The Vietnamese version of Audition almost underwent a publisher change back in 2009 due to a mistake from VTC Online, who failed to renew the contract with T3 Entertainment as of Sep 26 2009. Four days later, VinaGame (a competitor of VTC Online and publisher of Hot Step) announced that they have acquired the right to publish Audition in Vietnam, and will soon open a portal to allow players to transfer their accounts to VinaGame Service. Even though VTC kept denying the claim, they eventually announced that it was indeed their fault and the three companies have worked behind the scene to solve this issue together. In the end, VinaGame agreed to back out of their contract and allowed VTC Online to retain publisher right for Audition and T3 Entertainment agreed to keep on their contract with VTC Online.

The Chinese and Hong Kong version of Audition has had trouble as well, some controversies including using the game and the game's forum board as a prostitution/sex service, using the forum board to sell drugs, having a child murder another child over 'virtual love' and a 15-year-old girl getting pregnant meeting up a 20 year old guy on Audition. The game has also been criticized by the Ministry of Culture in China.
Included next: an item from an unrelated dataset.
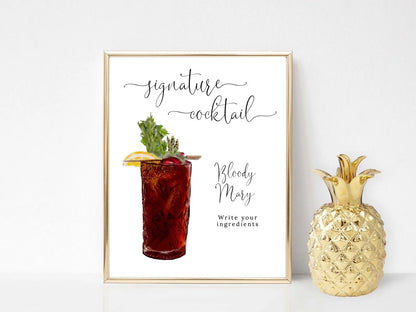 Printable Bloody Mary Signature Cocktail Sign, Signature Drink Sign, Wedding Bar Sign The Wedding Crest Lab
Because of a disagreement between YD Online and T3 Entertainment, the Korean version of Audition has suffered. YD Online had signed up for a 10-year contract to Audition Online (thus named as Club 오디션) from 2005 and was looking to renew their service. However, midway, T3 Entertainment acquired HanbitSoft and owned Hanbiton. Now, T3 Entertainment is hesitating to renew YD Online's contract or even make YD Online one of the portals toward Audition (portals are owned by different companies, allowing users to register or login to which company they want, and then connect to the one Audition server). YD Online also owns the databases to the current Audition. Because of T3 Entertainment's negligence towards the Korean version of Audition, the game will undergo a full server wipe with UI changes, new fashion items and more. To compensate, Hanbiton is offering 100000 CASH (equivalent to 100000 WON) to players who pre-register their IGN (In-Game Name) before the 30th of September. T3 and Hanbiton have done a very aggressive marketing strategy which was successful and has received a big percentage of their users back.

== Audition Portable ==
Audition Portable is a PlayStation Portable port of the game, released in South Korea in 2007. It features over 100 songs and includes a multiplayer modes for 6 players, online ranking, along with new songs, maps and dance motions that were released as downloadable content.